Besides the captain and the cook, a tug needs a chief engineer, an oiler, a fireman and a deckhand. The deckhand works with the hawsers that are often used when a tug has to pull a big ship.

This is what happens: An AB aboard the ship holds a coil of light line, called a heaving line. At the end of the line is a ball-shaped knot called a monkey fist. The AB gives a big swing and sends the monkey fist and line flying down to the tug. The deckhand on the tug grabs for the line. He’s not an outfielder trying to catch the ball. The monkey fist is there only to make the line uncoil and go straight.

The deckhand pulls on the heaving line, which is attached to a hawser on the ship. (Sailors don’t say the line is attached or tied. They say it’s “bent” to the hawser.) The hawser is so big that it can’t be thrown, but it can be hauled onto the tug by the heaving line.
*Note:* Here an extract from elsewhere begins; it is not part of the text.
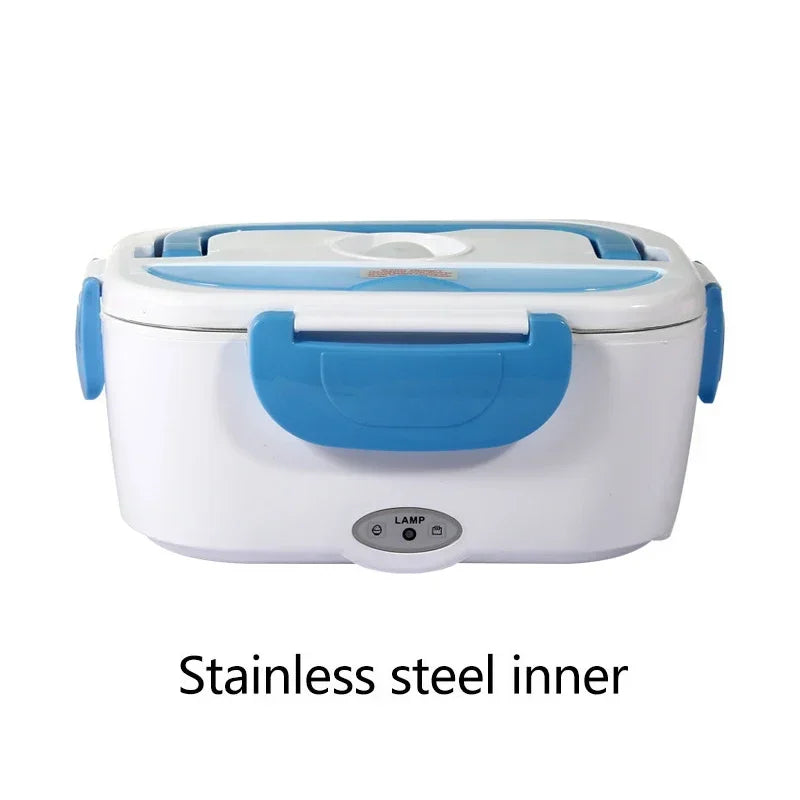 Portable Electric Heating Stainless Steel Heated Lunch Box Home Car Dual Use Rice Box Portable Electric Heating Stainless Steel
The deckhand makes the hawser fast to a bitt on the tug’s deck, and now she can pull.

For pushing jobs the tug has a thick pad called a bow fender made of heavy rope hung over the bow. After the fender has been used a while, it gets worn and shaggy and is often called a “beard.” It protects any ship the tug is pushing. There are fenders along each side of a tug, too. Sometimes they are made of rope. Sometimes they are old automobile tires or just logs hung loosely over the side. The logs get so much banging around that they may have to be replaced every few days.

Very often a tug has something on its bridge that looks like a gun. It’s not. It’s a water nozzle attached to a pump, and it’s there to help fight fires on ships.

The kind of tug that you can see on the Mississippi River is called a towboat. She doesn’t tug, and she

doesn’t tow. She just pushes. A Mississippi towboat gets behind a whole string of flat-bottomed barges and shoves them up and down rivers. She often pushes ten barges at a time, loaded with twice as much cargo as an ordinary seagoing freighter can carry.